政治の方向を変えるという意図をもって、自民党や自衛隊の人士を対象にセミナーを開いたと氏は語ります。
影響を受けた著名人
今回韓国を訪問した福田先生で言えば、その人は昔、共産党でした。左傾化した人が完全に方向転換し、今後の日本が行くべき道を模索した末、この統一教会のすべての事情を知って完全に決心しました。それで、筑波大学を中心として学界を糾合する運動を今しています。
文鮮明先生御言葉選集 110巻 p.191
日本統一教会の会長です。 勝共連合会長のその人を中心に、日本の首相を作るための経済団があり、そこに480人余りが連なっているというんです。
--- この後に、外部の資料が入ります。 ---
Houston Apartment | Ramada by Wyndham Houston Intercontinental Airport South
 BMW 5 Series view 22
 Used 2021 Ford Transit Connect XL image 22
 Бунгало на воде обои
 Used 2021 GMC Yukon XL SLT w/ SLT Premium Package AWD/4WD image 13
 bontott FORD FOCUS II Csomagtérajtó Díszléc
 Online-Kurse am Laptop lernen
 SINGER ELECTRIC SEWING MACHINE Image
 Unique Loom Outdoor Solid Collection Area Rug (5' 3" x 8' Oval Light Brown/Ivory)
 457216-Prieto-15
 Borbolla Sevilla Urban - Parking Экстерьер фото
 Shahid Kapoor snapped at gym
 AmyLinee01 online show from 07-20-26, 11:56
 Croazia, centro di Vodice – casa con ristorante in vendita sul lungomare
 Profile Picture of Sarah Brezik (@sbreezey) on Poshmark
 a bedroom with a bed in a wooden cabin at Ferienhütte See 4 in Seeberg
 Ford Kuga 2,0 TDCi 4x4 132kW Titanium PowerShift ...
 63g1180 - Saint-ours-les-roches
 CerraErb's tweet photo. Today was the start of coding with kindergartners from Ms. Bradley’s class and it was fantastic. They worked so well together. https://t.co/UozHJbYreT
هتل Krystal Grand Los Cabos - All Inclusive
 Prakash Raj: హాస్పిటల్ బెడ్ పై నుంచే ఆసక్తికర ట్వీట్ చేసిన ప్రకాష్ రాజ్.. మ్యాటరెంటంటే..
岸首相がその後継を譲り渡し、福田首相が全部紹介してくれたりしました。 彼らは将来政界から撤退するだろうが「この基盤は他の誰にも引き継げない。これを引き継ぐ人は久保木しかいない」と言って、久保木を推しているんですよ。実質的な力の勢力圏を見ても、我々は国会に影響を及ぼしうる基盤を築きました。私がもしお金だけ出す日には問題は変わるのです。
文鮮明先生御言葉選集 110巻 p.192
福田赳夫氏(第67代 内閣総理大臣)や福田信之氏(筑波大学 第2代学長)といった指導層の人士が、統一教会の幹部信者を通じて文鮮明氏の思想に感化され、結果として日本の政策は文鮮明氏の思惑通りに誘導し、その影響は防衛政策にまで及んだ可能性さえあると見ても、差し支えないのではないでしょうか。
銃の製造・販売は「共産主義」への対応のため
私はこの共産党のことをよく知っているので、日本の共産党はいつも脅迫・恐喝し、必ず暴力に訴えてくることを知っていたので、日本に銃砲社――猟銃ですね――を38カ所作りました。 毎年、2億円以上の損害を被ってですね……。それはなぜそうしたのか?もし事が起こった時には、彼らが暴力を使う時には我々も黙ってはいられないんです。そして皆さんもご存知のようにエアライフル、鳥を撃つ散弾銃を統一産業で特許製品として作り、日本に約5万丁を輸出してきました。それで全部持っているというんです。これは作戦上必要だということです。共産主義というのは(敵が)弱くなった時に必ず侵攻してくるものですから、私たちはそういう勢力均衡において、力に備える均衡において、彼らに侮られてはいけないということなんです。
文鮮明先生御言葉選集 110巻 p.170
統一教会が銃砲店をもち、日本に猟銃を輸入・販売していた真の目的は「共産主義(者)との戦いに備えるため」にあり「作戦上必要」なのだと文氏が明言しています。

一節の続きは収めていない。